Scientists Uncover an Unhealthy Herds Hypothesis

 Biologists worldwide subscribe to the healthy herds hypothesis, the idea that predators can keep packs of prey healthy by removing the weak and the sick. This reduces the chance disease will wipe out the whole herd, but could it be that predators can also make prey populations more susceptible to other predators or even parasites? Biologists at the Georgia Institute of Technology have discovered at least one animal whose defenses against a predator make it a good target for one opportunistic parasite.

"We found that strategies that prey use to defend themselves against predators can increase their susceptibility to infection by parasites," said Meghan Duffy, assistant professor in Georgia Tech's School of Biology. Duffy, along with colleagues at the University of Illinois at Urbana-Champaign and Indiana University, took a look at a small aquatic crustacean, Daphnia dentifera, a water flea known to be an important part of freshwater ecosystems. They exposed the crustacean to chemicals emitted by one of its predators, a phantom midge larva known as Chaoborus, known to feed on it. When the Daphnia detected those chemicals it grew larger, making it harder for its predator to get its mouth around it.
"Unfortunately for the Daphnia, this defense against predation makes them more vulnerable to parasitism," said Duffy.

That's because while growing larger keeps Daphnia safe from Chaoborus, it actually makes it more susceptible to a virulent yeast parasite, known as Metschnikowia. When Daphnia senses a threat from its predator and grows larger, it ends up consuming more of these parasitic yeasts than it does when normal size. When the yeast infects the crustacean, it kills it, causing the dead animal to release yeast spores as it decomposes. The larger the host, the more spores it releases back into the water to prey on other Daphnia. "Since they need to grow larger to defend themselves against the predator but the opposite to defend against the parasite, they're sort of stuck between a rock and a hard place," she added.

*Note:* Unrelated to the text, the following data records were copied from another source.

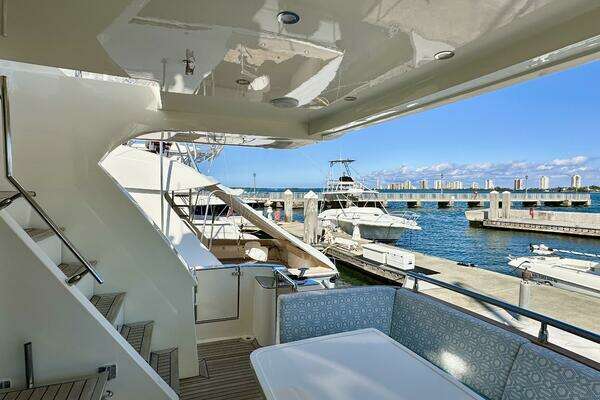 2023 Outer Reef Trident 62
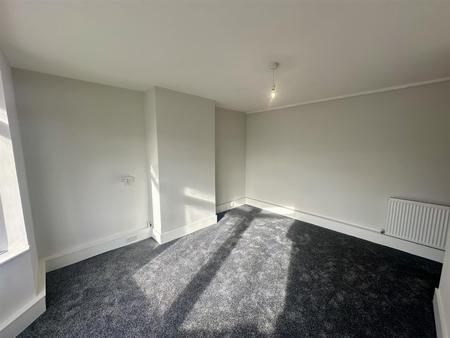 Living Room (2/2)
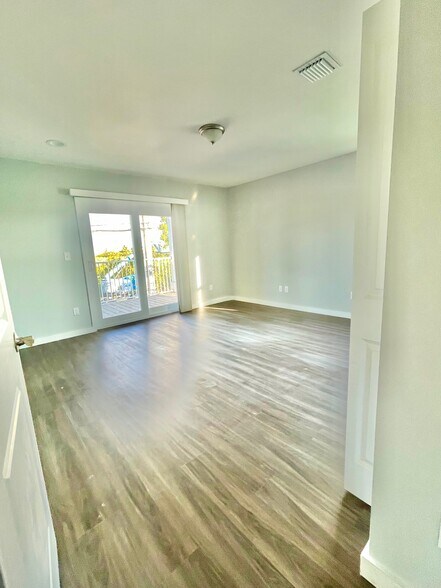 2nd Floor Master Bedroom/Bathroom/Balcony - 51 Barcelona Dr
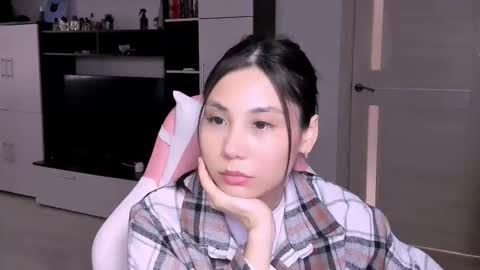 Snapshot of ms_emily_ chatting on March 2026 12:01:02 PM ms_emily_ online show from March 2026 12:01:02 PM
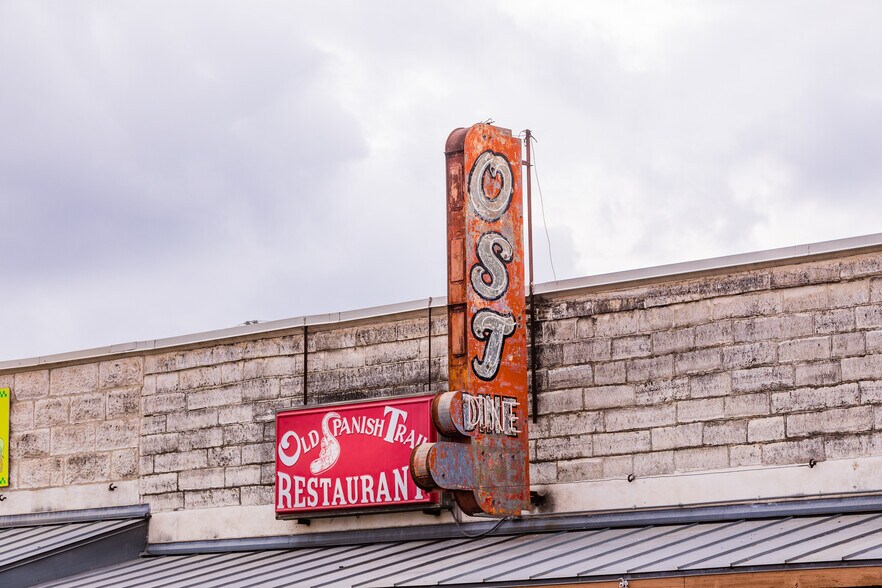 More Photos Of 311 Main St, Bandera Restaurant For Sale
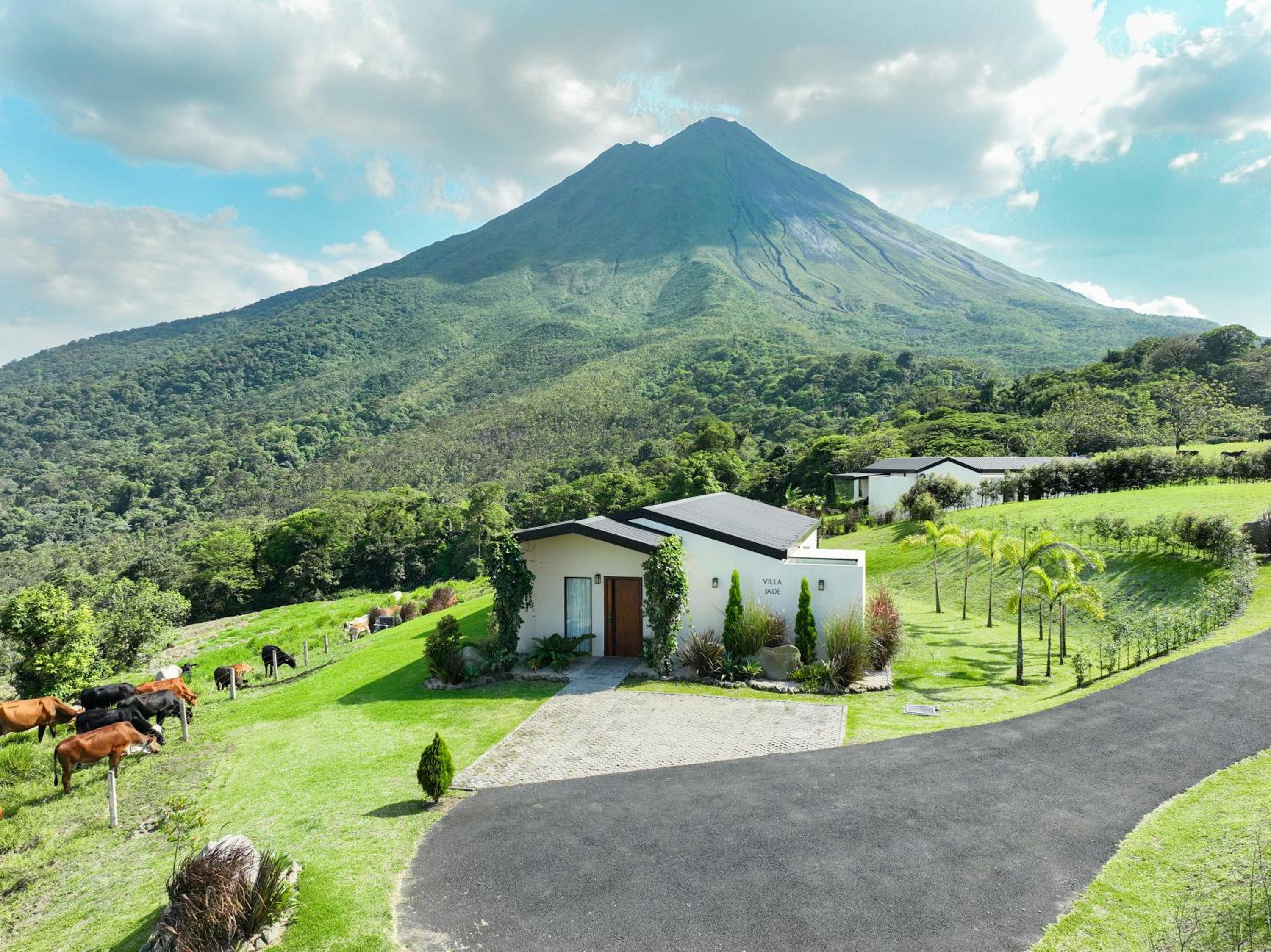 Villas Jawara ! Un Volcán en su Jardín !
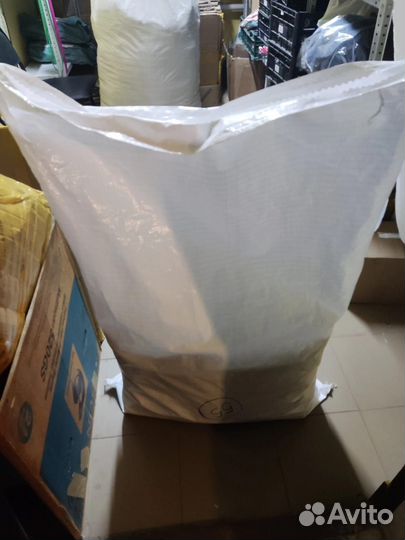 Мешок с женскими вещами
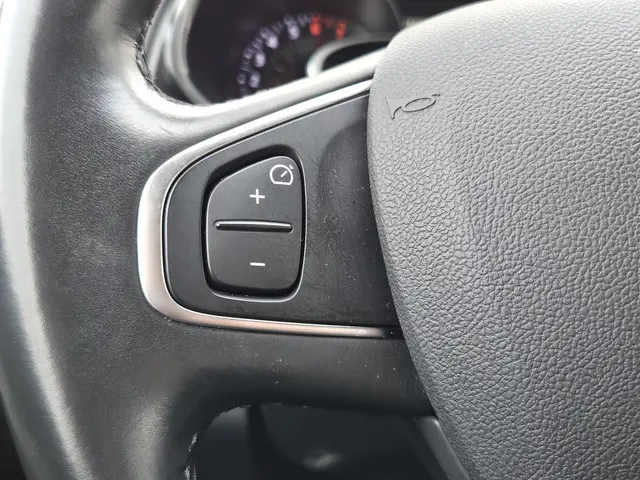 Renault Clio 1.2 TCe Intens 2018 Benzine 8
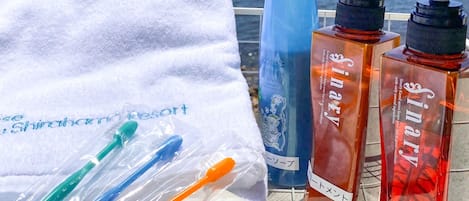 ・ Equipped with amenities such as towels, shampoo, and toothbrush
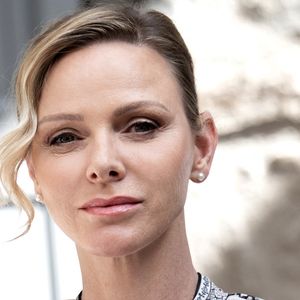 Charlene de Monaco est très impliquée dans la cause animale.

 Le prince Albert II de Monaco, la princesse Charlène de Monaco, le prince Jacques de Monaco, marquis des Baux, et la princesse Gabriella de Monaco, comtesse de Carladès, ont été accueillis à Mur-de-Barrez en aveyron par M. Pierre Ignace, le maire de la commune et membre de la délégation officielle française lors de la récente visite d’État à Monaco. © NivierePool/Bestimage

Duffy reasons that this occurs because the predators are common year-round, while the parasites are more episodic in nature, with their populations expanding in epidemics only in the fall and not even yearly. This results in long periods of predation in the absence of the parasite, which probably explains why they respond so strongly to defend themselves against the predator even though it decreases their defenses against the yeast, she added.

"While some have argued for increasing predator densities to control disease, our results suggest that it is important to consider the indirect effects of predators, such as the one we found in which trying to avoid one enemy increases the hosts vulnerability to another," said Duffy.

This research was funded by the National Science Foundation  and appears online in the journal Functional Ecology.